Declassified files reveal UK government plan to discredit Amnesty International

Declassified files reveal UK government plan to discredit Amnesty International

Declassified files from the 1970s show the UK government planned to discredit Amnesty International in response to its investigative work on British forces’ use of torture in Northern Ireland.

An internal Foreign Office memo dating from December 1971 proposes that the government should leak details about the “personal history and anti-British prejudice” of Thomas Hammarberg, the chair of Amnesty’s Swedish branch, Declassified UK reports.

Mr Hammarberg, who later received the Nobel Peace Prize on behalf of Amnesty International in 1977, was leading an international delegation of human rights defenders to Belfast at the time the memo was written.

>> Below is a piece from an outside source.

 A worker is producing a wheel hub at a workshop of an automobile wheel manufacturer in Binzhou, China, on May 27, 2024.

In the memo, R.B. Bone, an official in the Republic of Ireland Department of the Foreign Office, tells the Information Research Department (IRD) – a propaganda office – that Mr Hammarberg’s name is “well known to me from my days in Stockholm […] He was generally regarded by the Embassy as being a prize pain in the neck”.

Mr Bone says he expects that the delegation will conclude that the UK had “indeed been guilty of cruelties, atrocities, etc” in Northern Ireland. He continues: “It might at this stage be useful if we were in a position to leak to the press some details about Hammarberg’s personal history and anti-British prejudice.”

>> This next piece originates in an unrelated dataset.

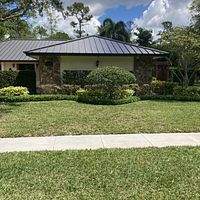 24ga 1.5" Snap-Lock Dark Bronze by Total Roofing System The Metal Roof Experts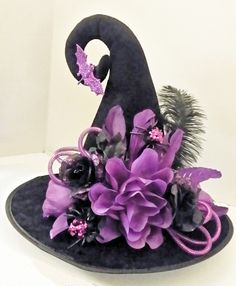 a witches hat with purple flowers and feathers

A day later, another Foreign Office official named as S.J. Truesdale wrote to the IRD to confirm that they “have information on Hammarberg”. The following lines are redacted and the nature of the purported information is not clear.

Responding to the Declassified UK report, Grainne Teggart, campaigns manager for Amnesty, said the “damning files reveal a shameful determination to keep human rights abuses hidden and an unscrupulous government prepared to use smear tactics as a cover-up”.

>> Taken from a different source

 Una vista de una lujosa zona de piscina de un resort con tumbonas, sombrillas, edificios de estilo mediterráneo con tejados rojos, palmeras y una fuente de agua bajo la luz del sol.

“The UK government has a long, dark history of using propaganda to deflect from its human rights violations,” she said. “Our mission in Northern Ireland in the 1970s led by our esteemed former colleague Thomas Hammerberg, was a watershed moment, and found the brutal use of torture by British state forces.

“Amnesty’s assessment has not changed in the years since. and that the treatment of those we investigated amounted to torture has been confirmed in UK courts. It’s appalling that the UK government was attempting to undermine evidence of its use of torture by orchestrating a personal attack on a distinguished human rights investigator.

“The government’s desire to aggressively avoid any spotlight on truth, justice and accountability is still something we are fighting today. The current government is attempting to legislate for a de facto amnesty in relation to the conflict in Northern Ireland and put the perpetrators of crimes – both state and non-state – above the law and beyond accountability.

“This is part of a clear and chilling pattern to reduce our rights. The imminent plans to scrap and replace the Human Rights Act show the intent to diminish the ability of the public to hold the government and public authorities to account.”